Lanvin's New Creative Director Has Finally Revived The Fashion House - And That's A Good Thing
Lanvin's New Creative Director Has Finally Revived The Fashion House - And That's A Good Thing

Video: Lanvin's New Creative Director Has Finally Revived The Fashion House - And That's A Good Thing

Video: Lanvin's New Creative Director Has Finally Revived The Fashion House - And That's A Good Thing
Video: LANVIN | FALL WINTER COLLECTION 2020 | 朗文| PARIS FW20 2024, March
Anonim

After parting with Albert Elbaz, troubled times began in Lanvin. Neither Boucher Jarrard nor Olivier Lapidus managed to manage the French House - everything turned out at best just boring. In January this year, the management announced the name of the next new creative director. Not too attractive (to compete with the shadow of Albert Elbaz, as we see, the task is still), the position was taken by Bruno Sialelli, who previously worked in men's collections at Loewe.
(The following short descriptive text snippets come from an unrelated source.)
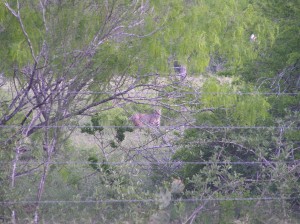 Bobcat at Ranch.  Was in back yard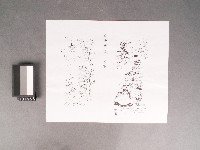 《文帝真經寶懺》和合二仙•文昌帝君像藏品圖，第1張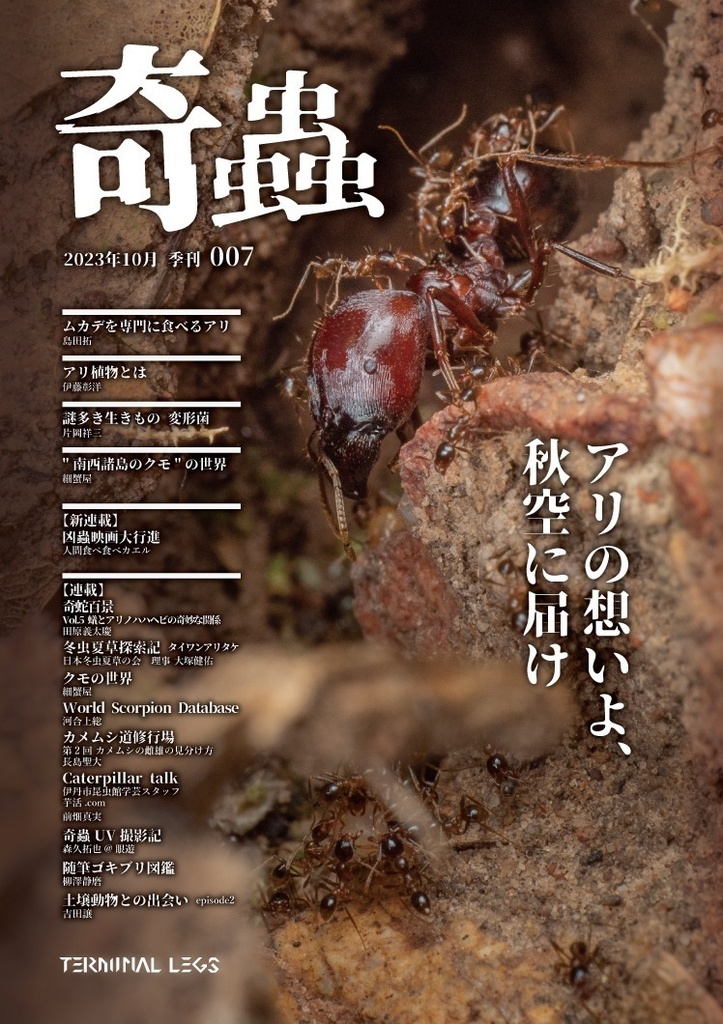 雑誌 季刊奇蟲
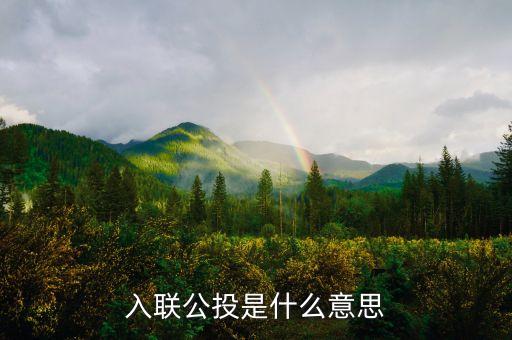 返聯(lián)公投是什么意思是什么意思，公投是什么意思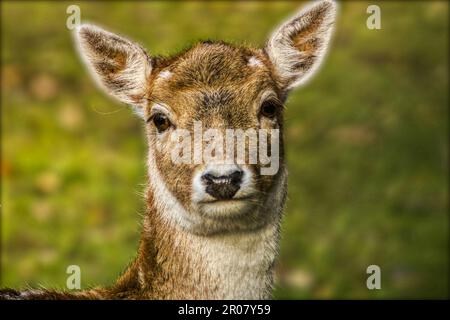 Tierporträt eines Hirsches aus der Nahaufnahme Stockfoto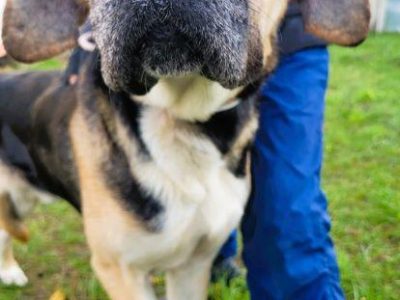 MARKO - duży, łagodny, cudny psiak szuka domu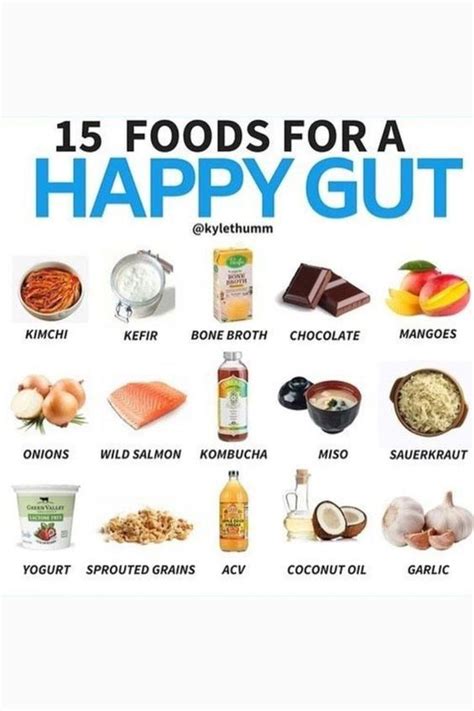 15 Foods Dir Happy Gut Healthy Gut Recipes Digestive Health Healing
After a string of bad appointments and bad collections, both audiences and critics at Lanvin have given up. But Sialelli, on whom hardly anyone outside had pinned special hopes, unexpectedly managed to make the brand interesting again. In the fall collection, the experience of the new designer in the team of Jonathan Anderson is felt - in terms of scale, and in silhouettes, and in the use of prints, and in the general feeling of some eccentricity, it really resembles Loewe. But with Sialelli everything is less experimental and more vital, which, in general, is good. If he takes as a basis, for example, the image of a fisherman, as in the image with blue culottes and a "melted" hat, then it seems like he begins to spin every detail to the maximum - and still stops halfway where Anderson would never have stopped. Therefore, boots with a wide toe only remind of fishing shoe covers, and not, as usual, ironically rethink them. Therefore, the volumes of each thing are really exaggerated, but they do not even approach the absurd. Therefore, the collection, perhaps, loses in entertainment, but gains in vitality.

But in prints, Sialelli does not restrain himself at all: they are everywhere, and these are far from banal flowers or a cage. The faces of mysterious girls with blue hair covering dresses from floor to hem, erotic scenes, copies of book pages with old ornate fonts, fishermen with mermaids, a family of elephants in the city - which is just not there.